As the RIME_Stress_Testing DAG is computed, the MLflow experiments and model registry will be populated with the model files, training and RIME metrics, and even the associated RIME web links. The best-performing model will be moved to production automatically.

MLflow Model View

Once this DAG completes, you can check out the RIME stress tests in the web interface corresponding to your RIME_UPLOAD_URL. As mentioned above, the Stress Test URL is added to MLflow run tags under the key “RIME Stress Test Link” as well as to the run parameters. Navigate to the local MLflow tracking server to view the airflow_demo experiments, then click one of the runs (listed in the “Start Time” column) to view the tags.

MLflow Run Tags

From the experiment view, navigate to the link specified by the RIME Stress Test Link tag.

RIME Project

Congrats! Your model is now live. Enable the “RIME_Firewall” DAG using the toggle in the Airflow web interface or by using the Airflow CLI to protect and monitor the model.

Firewall Toggle

The RIME_Firewall DAG fetches batches of production data and feeds it to the model, running continuous tests on the data to monitor drift, anomalies, and other AI security threats.

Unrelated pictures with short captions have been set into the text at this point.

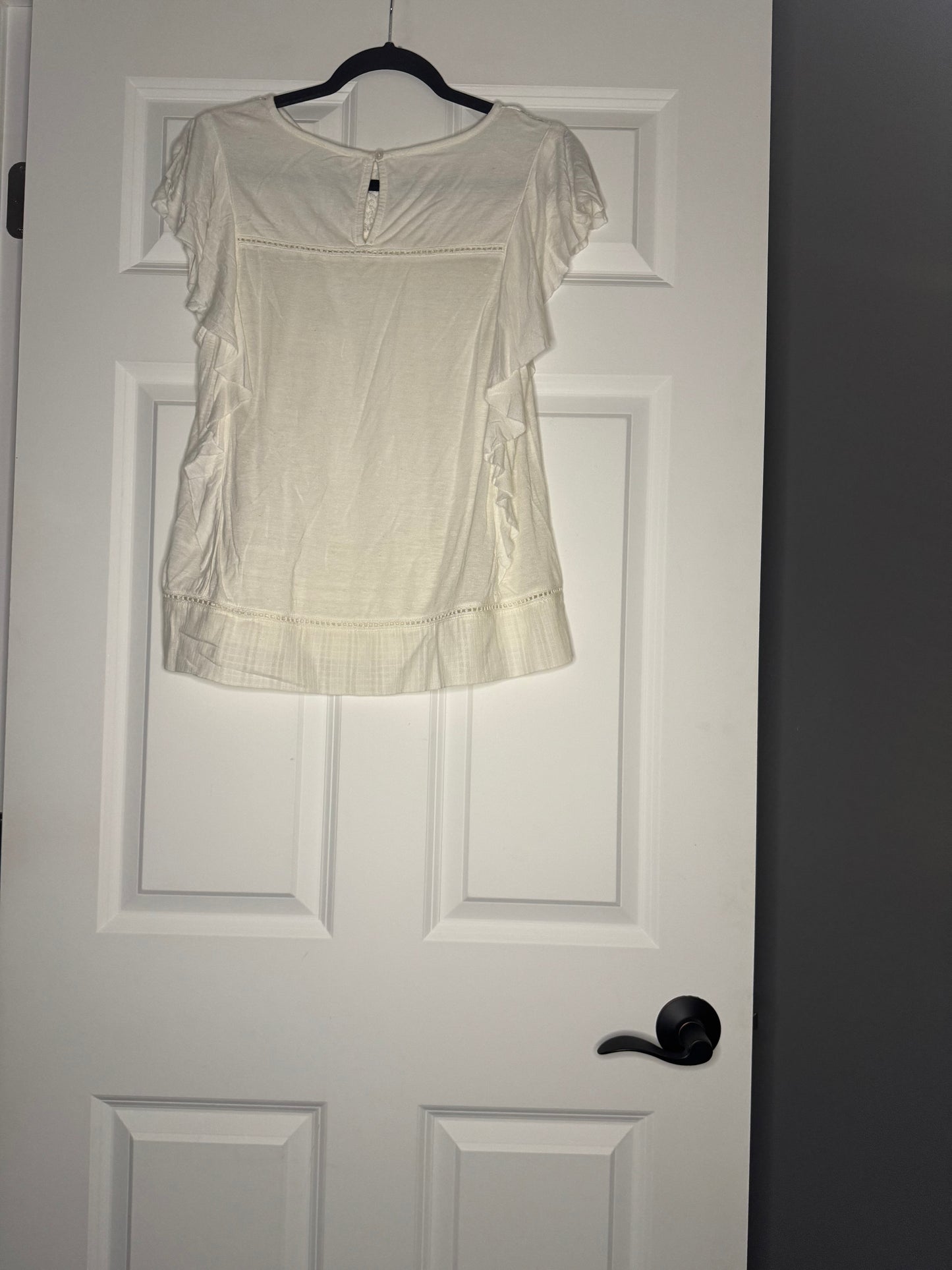 Lucky brand short sleeve blouse ivory medium lace top nwt 69.50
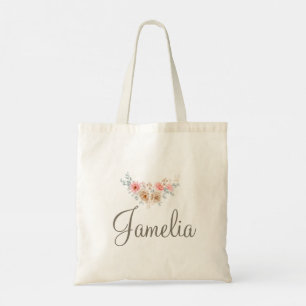 Einkaufstasche mit Blumenmotiv und individuellem R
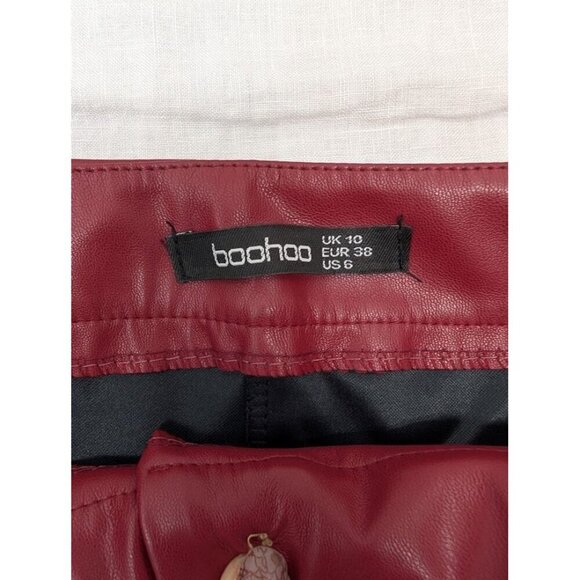 Boohoo women's size 6 high rise red pleather bell bottoms flare pants cosplay G1 - Picture 8 of 12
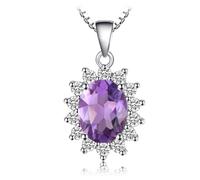 JewelryPalace 1.8ct Gemstones Birthstone Amethyst Colored Cubic Zirconia 14K White Gold Plated Halo Pendant Necklace For Women Princess Diana William Kate Middleton Necklace Chain Box 18 Inches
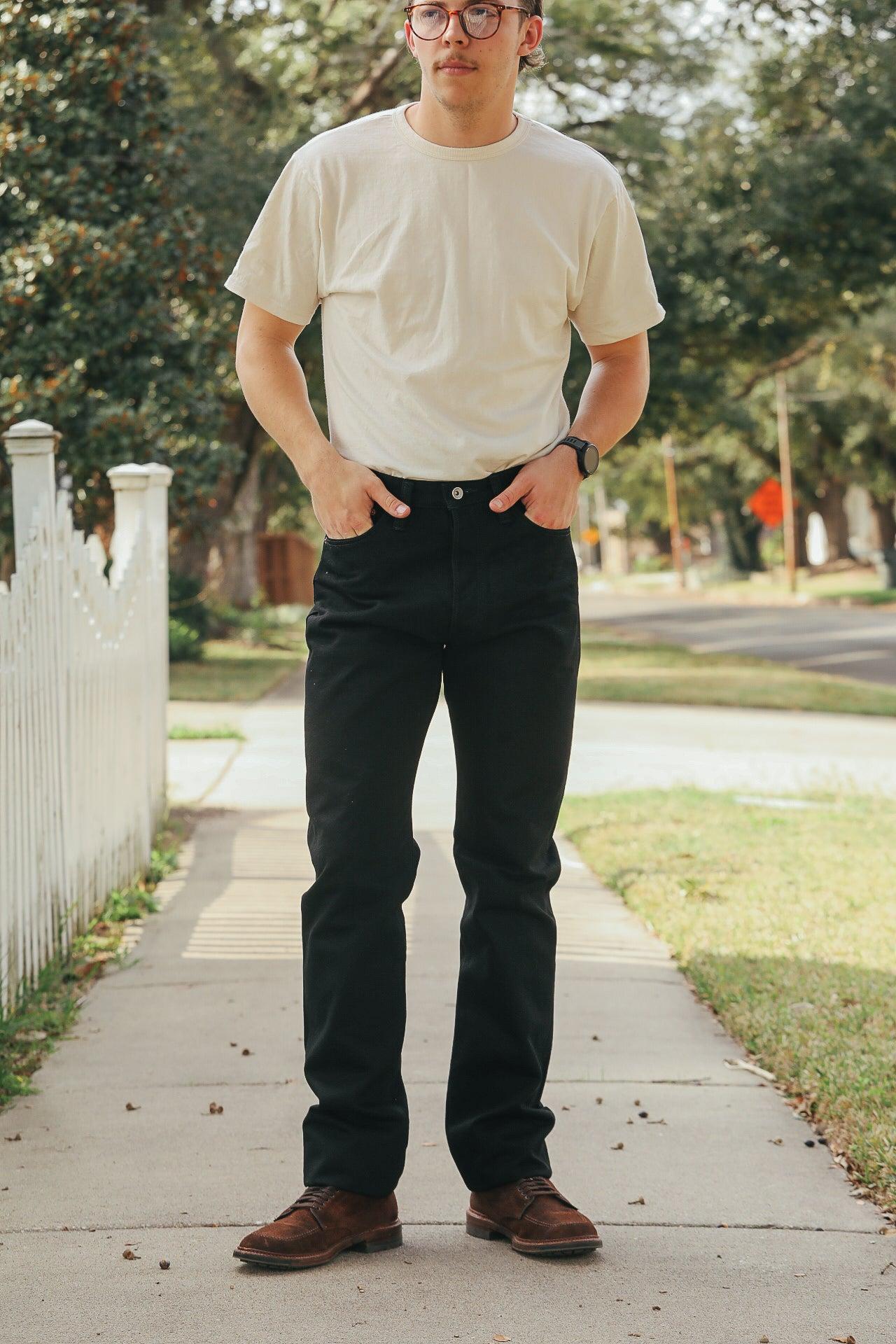 IH-888S-142bb 14oz Selvedge Denim Medium/High Rise Tapered Cut Jeans - Black/Black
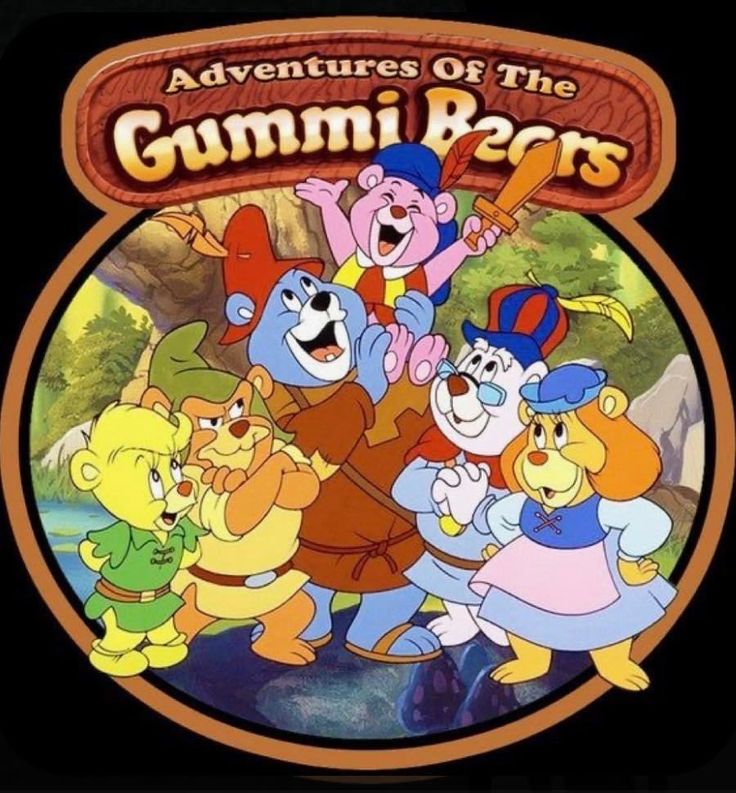 the adventures of the gummi bears logo with cartoon characters in front of trees and water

This DAG is defined as follows:

with DAG(
    dag_id="RIME_Firewall",
    default_args=default_args,
    schedule_interval="@daily",
    start_date=DEPLOYMENT_DATE,
    end_date=PRODUCTION_END_DATE,
    catchup=True,
) as prod_dag:
    interval_start = "{{ data_interval_start }}"
    interval_end = "{{ data_interval_end }}"
    fetch_prod_data_task = PythonOperator(
        task_id="fetch_production_data",
        python_callable=fetch_production_data,
        op_kwargs={"interval_start": interval_start, "interval_end": interval_end},
    )
    # Only run the firewall if the DF from fetch_production_data is not empty
    short_circuit_task = ShortCircuitOperator(
        task_id="continue_if_data_available",
        python_callable=continue_if_data_available,
    )
    get_project_task = PythonOperator(
        task_id="get_rime_project_id", python_callable=get_rime_project_id,
    )
    add_prod_preds_task = PythonOperator(
        task_id="add_prod_preds",
        python_callable=add_prod_preds_and_upload_dataset_file,
    )
    run_firewall_task = PythonOperator(
        task_id="run_firewall",
        python_callable=run_incremental_firewall,
        op_kwargs={"interval_start": interval_start},
    )
    fetch_prod_data_task >> short_circuit_task >> add_prod_preds_task >> run_firewall_task
    get_project_task >> run_firewall_task

This will run the firewall over the month of production data. You can view the testing process in the Airflow UI.

Firewall Grid Process

After a few iterations, navigate to the Firewall link (in the target RIME project; also present in the MLflow production model registry) and evaluate the most recent evaluation bins.

Firewall Events